▶ **Goal of the exercise**
Everything from the line with "Route 66 America´s" to the line with "Rypet Guinea Pig" in the listing below, both lines included, needs to be copied exactly, apart from the pictures.

▶ **Extracted information**
=-=-=

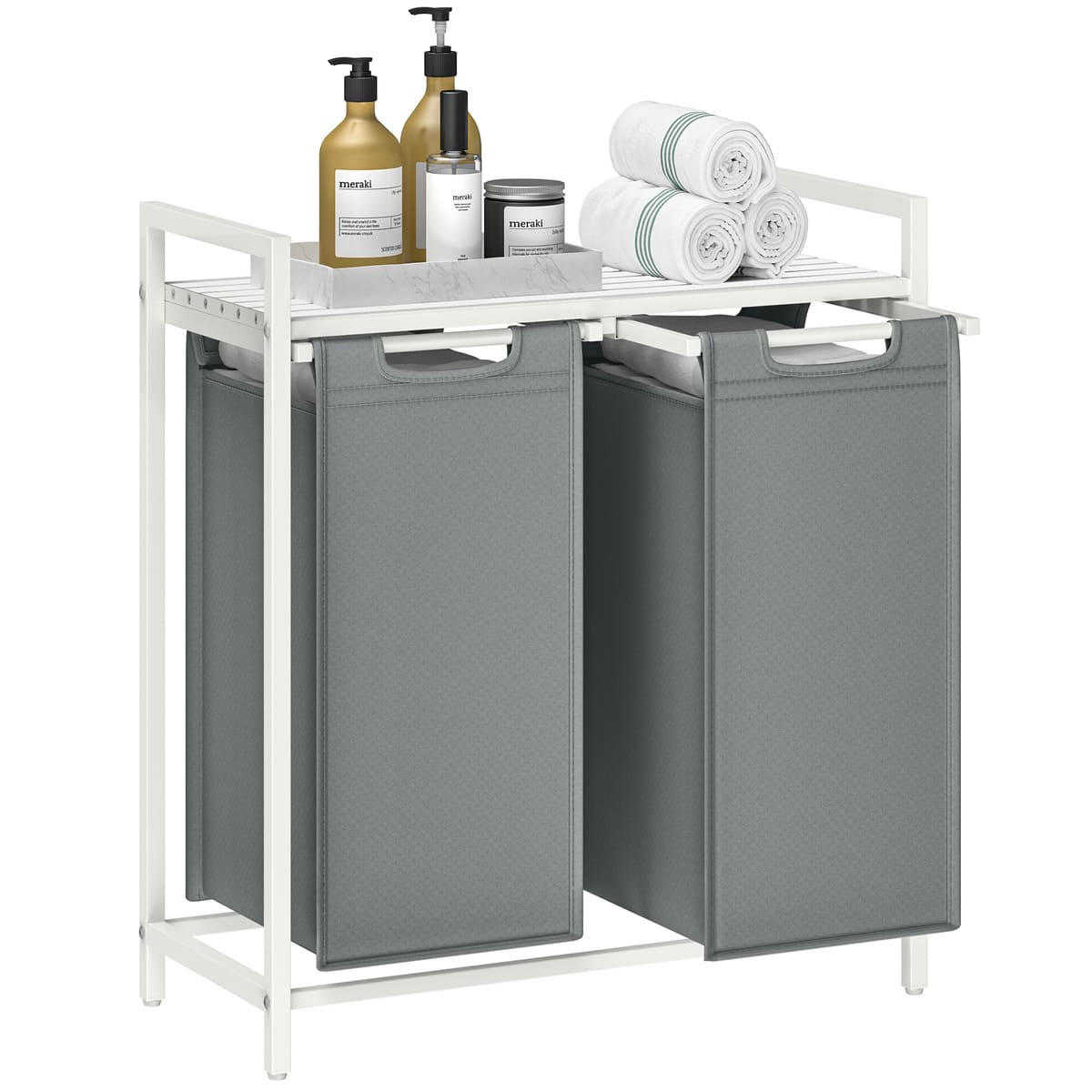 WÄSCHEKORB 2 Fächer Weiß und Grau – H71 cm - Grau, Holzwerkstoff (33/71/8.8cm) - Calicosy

=-=-=

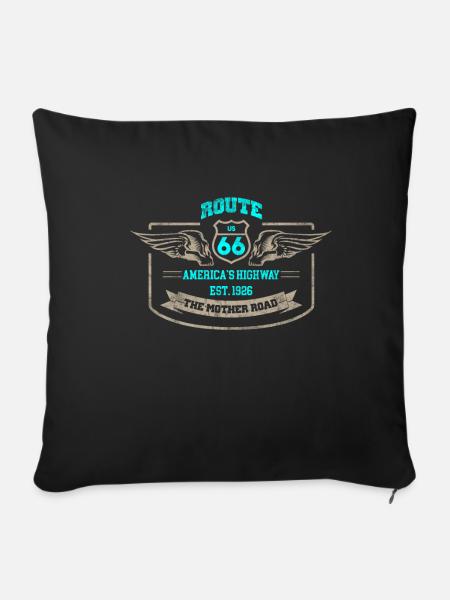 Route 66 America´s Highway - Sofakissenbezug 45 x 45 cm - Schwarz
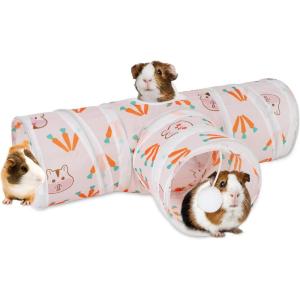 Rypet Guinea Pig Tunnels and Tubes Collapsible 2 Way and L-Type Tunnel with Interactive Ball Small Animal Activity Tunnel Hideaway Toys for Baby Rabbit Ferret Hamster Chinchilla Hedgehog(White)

=-=-=

▶ **Answer to this exercise**
 Route 66 America´s Highway - Sofakissenbezug 45 x 45 cm - Schwarz
 Rypet Guinea Pig Tunnels and Tubes Collapsible 2 Way and L-Type Tunnel with Interactive Ball Small Animal Activity Tunnel Hideaway Toys for Baby Rabbit Ferret Hamster Chinchilla Hedgehog(White)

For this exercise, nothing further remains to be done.